Nichts spricht dagegen, das Privatleben der Kommissare behutsam mit dem Fall zu verweben, in Bremen hat das gerade sehr gut funktioniert. In Leipzig wirkt alles konstruiert. Natürlich ist Keppler einer dieser Womanizer, die so hinreißend sind, weil ihnen die Wirkung ihres Womanizertums nicht mal bewusst ist - aber dass er mit sämtlichen Ermittlerinnen was laufen hatte, ist nur mit sehr gutem Willen zu glauben.

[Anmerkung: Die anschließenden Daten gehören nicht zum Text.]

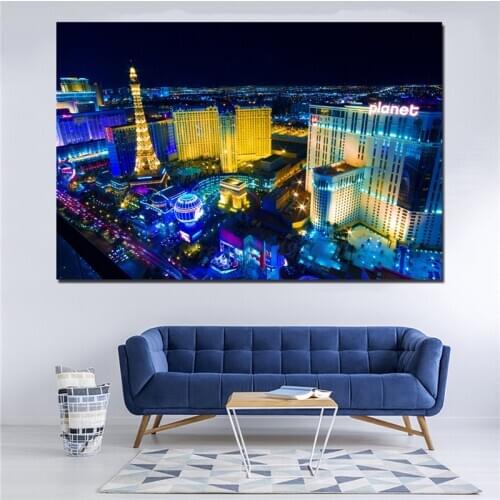 USA Las Vegas Night Scene Painting City Landscape Posters And Prints Decorative Wall Art Pictures For Living Room Home Decor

Die Erfindung des Handys ist ein Segen für die Tatorte des MDR

Dann gibt es wieder dieses ewige Kompetenzgerangel zwischen den Kommissaren und einer übergeordneten Behörde, das war in Fällen aus Hannover und Wien zuletzt auch so. Und schließlich verabschiedet sich die Geschichte von Regisseur Miguel Alexandre aus dem Bereich des Überschaubaren, es geht um illegale Technologietransfers und - bitte festhalten - Navigationstechnologie für Raketen mittlerer Reichweite.

Außerdem liegt irgendwann ein buntes Kinderhandy zu auffällig in einer Lagerhalle herum, in der vergangenen Episode aus Leipzig lugte ein Erwachsenenhandy zu auffällig aus einem Fluss heraus. So subtil treibt man beim MDR die Handlung voran, die Erfindung des Handys ist ein Segen für die Tatorte dieses Senders. Man fragt sich, wie die Kommissare ihre Fälle zu Zeiten des guten alten Wählscheibentelefons gelöst hätten.